What is needed is an exact reproduction of the lines in the records below, starting at the line with "Detaillierte Makroansicht einer" and ending at the line with "Tom Pelpherey y", both included, and nothing else; pictures stay out.

▶ [Extracted material]:
- - -
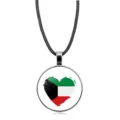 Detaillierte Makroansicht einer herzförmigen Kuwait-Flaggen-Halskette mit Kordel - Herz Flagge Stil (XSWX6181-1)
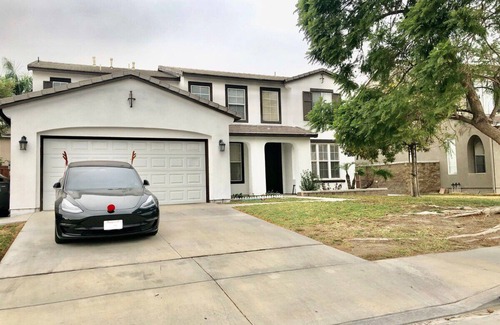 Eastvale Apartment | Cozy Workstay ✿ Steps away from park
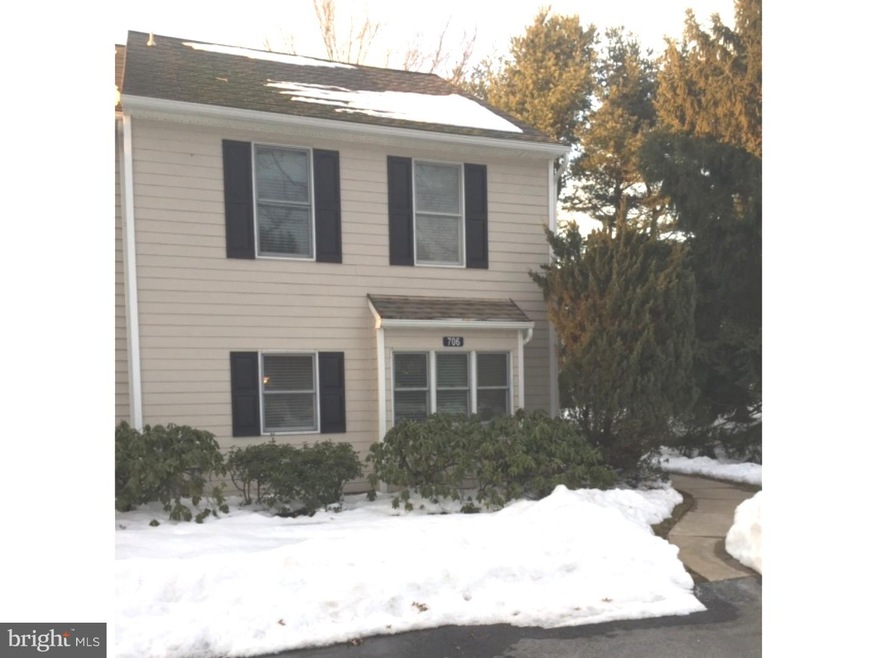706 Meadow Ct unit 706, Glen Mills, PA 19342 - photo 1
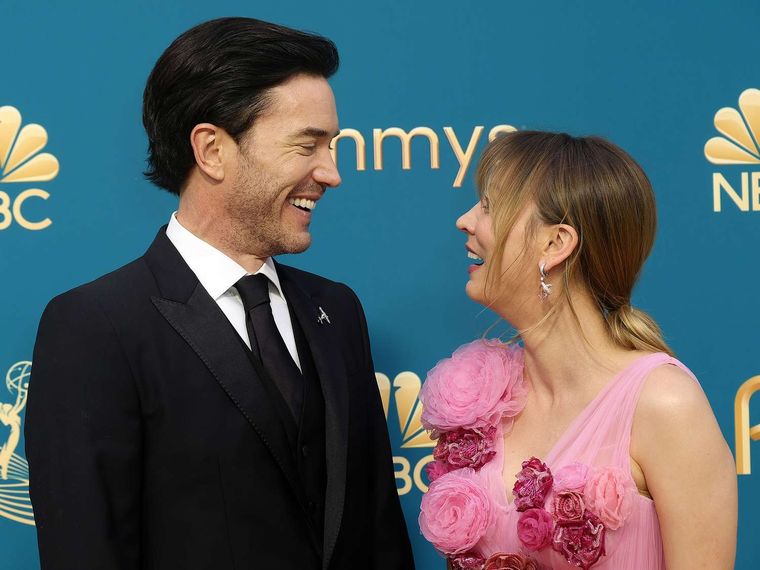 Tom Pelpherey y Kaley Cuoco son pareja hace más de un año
- - -
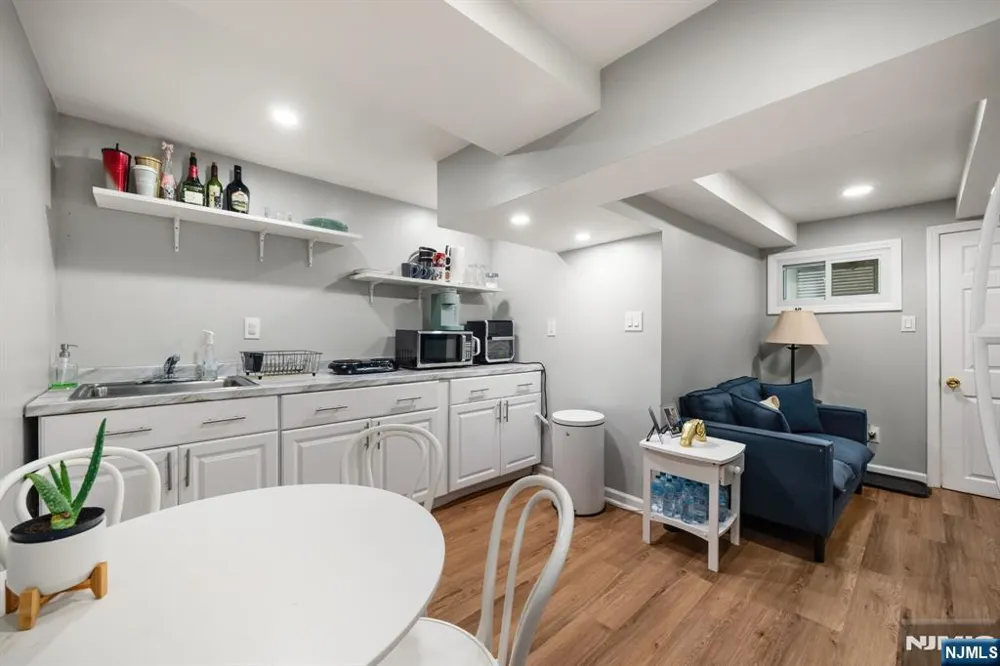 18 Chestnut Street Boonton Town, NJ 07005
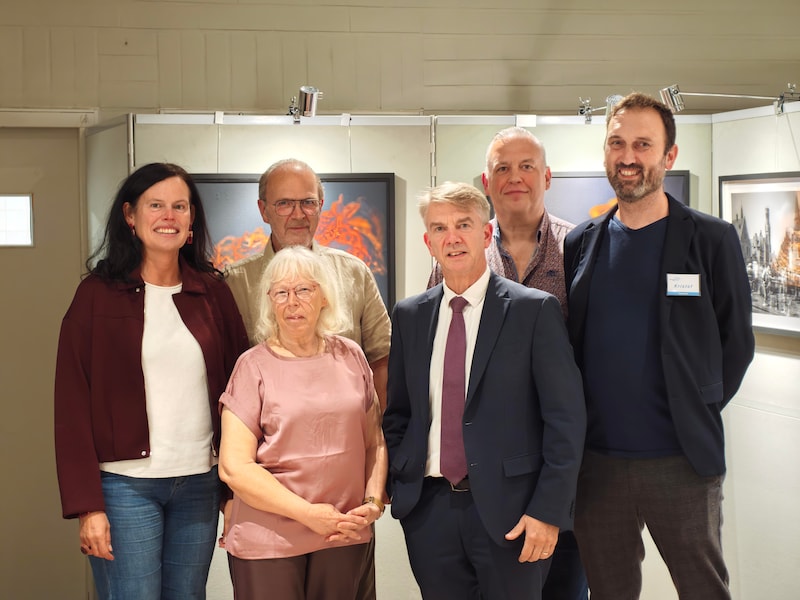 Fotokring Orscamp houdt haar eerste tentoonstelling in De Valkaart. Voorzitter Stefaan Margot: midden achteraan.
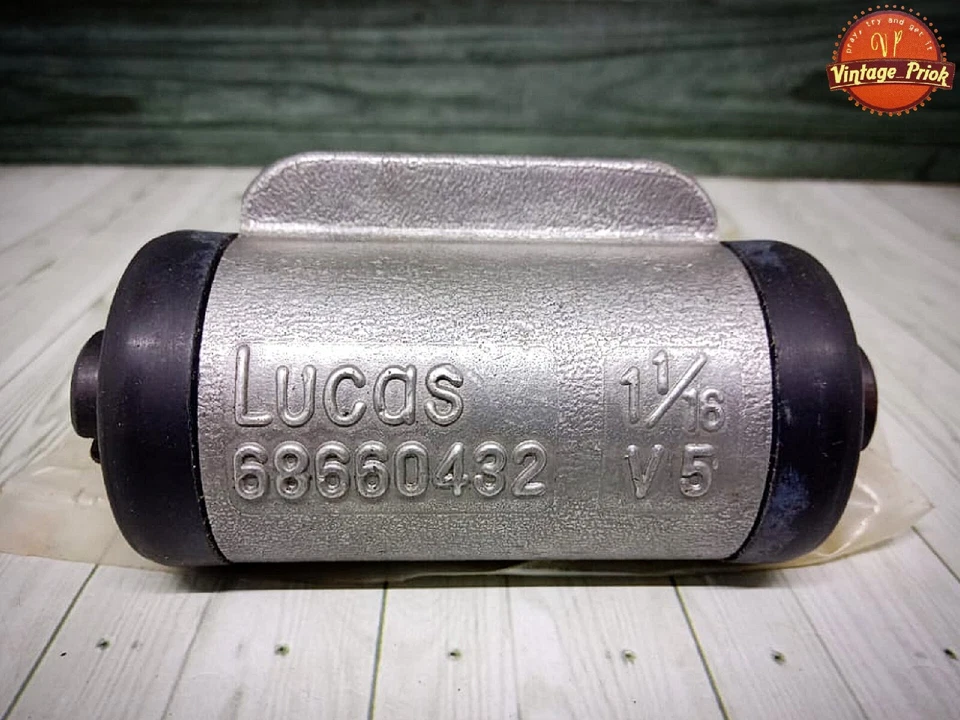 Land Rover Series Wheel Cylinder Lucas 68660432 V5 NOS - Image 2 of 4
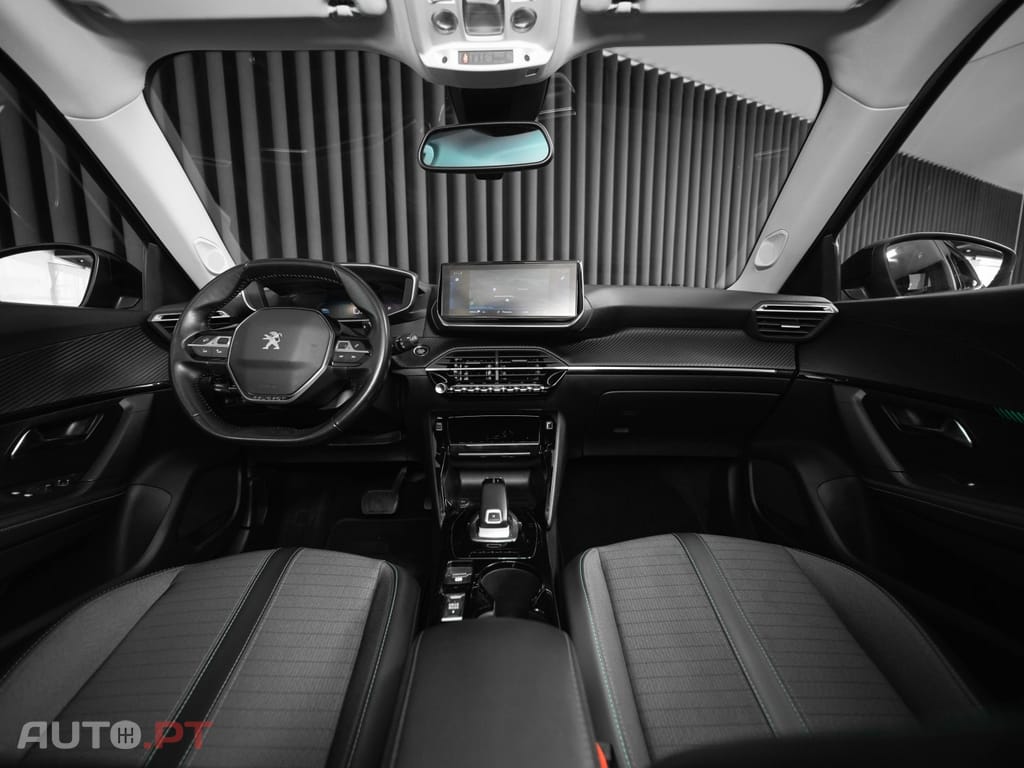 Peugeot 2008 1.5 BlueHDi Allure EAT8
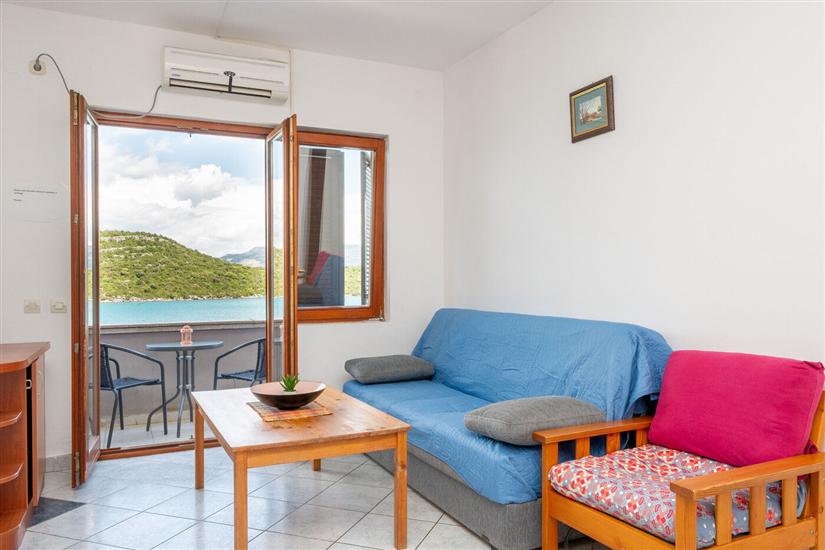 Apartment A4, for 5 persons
- - -
▶ [Answer box]:
 Detaillierte Makroansicht einer herzförmigen Kuwait-Flaggen-Halskette mit Kordel - Herz Flagge Stil (XSWX6181-1)
 Eastvale Apartment | Cozy Workstay ✿ Steps away from park
706 Meadow Ct unit 706, Glen Mills, PA 19342 - photo 1
 Tom Pelpherey y Kaley Cuoco son pareja hace más de un año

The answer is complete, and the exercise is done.